No pasará de anécdota la eliminación de Memorial en Rusia, como no pasan la “muertes civiles” de miles de activistas opositores para evitar que puedan concurrir a los procesos electorales de cartón piedra. Otra voz más que silencia el Kremlin. Van muchas, no es noticia. Lo grave, lo realmente grave, es la inacción europea y estadounidense. Rusia tuvo una ventana de Overton que no quiso aprovechar. Durante unos años después de 1991 pudo incorporarse a Occidente, que es donde culturalmente pertenece, y no como un miembro más sino como una de sus cabezas principales junto a Alemania, Francia, Gran Bretaña y los Estados Unidos. Por extensión y peso político y militar, Rusia habría coliderado el bloque geopolítico emergente del fin de la Guerra Fría. Se negó. Cerró esa ventana de un portazo y echó la persiana. La élite creyó que saldría perdiendo, y se aferró a la idea de hacer el cambio sola, condenando al resto de la sociedad a una transición económica lentísima y a no alcanzar jamás los niveles de desarrollo ni de libertad personal occidentales.
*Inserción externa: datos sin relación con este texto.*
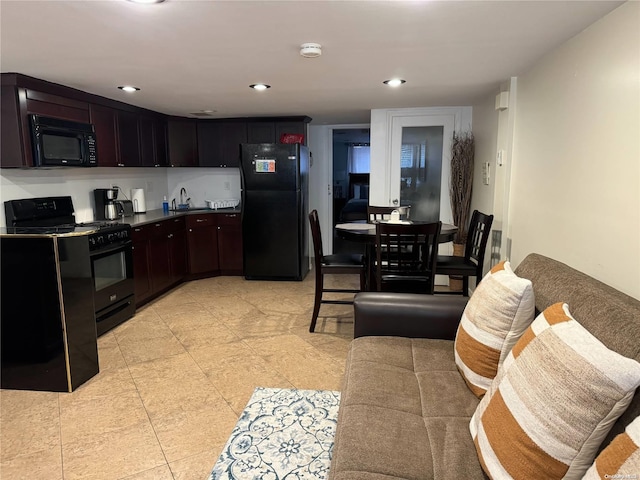 kitchen featuring dark brown cabinets, sink, and black appliances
Rusia se desembarazó del fugaz yeltsinismo y abrazó el putinismo para recuperar la Guerra Fría, el delirio geopolítico de Eurasia, el conservadurismo moral, el intervencionismo económico y el autoritarismo político. Y ahora esparce cuidadosamente toda esa pestilencia sobre nosotros, alentando y apoyando simultáneamente a regímenes y partidos de extrema izquierda y de extrema derecha, desde Maduro a Orbán. Ahora el problema ya no es sólo Putin sino también los Hijos de Putin, que están arraigando entre nosotros y que, a juzgar por las encuestas (incluso las españolas), son legión: toda una aterradora quinta columna en las democracias liberales occidentales.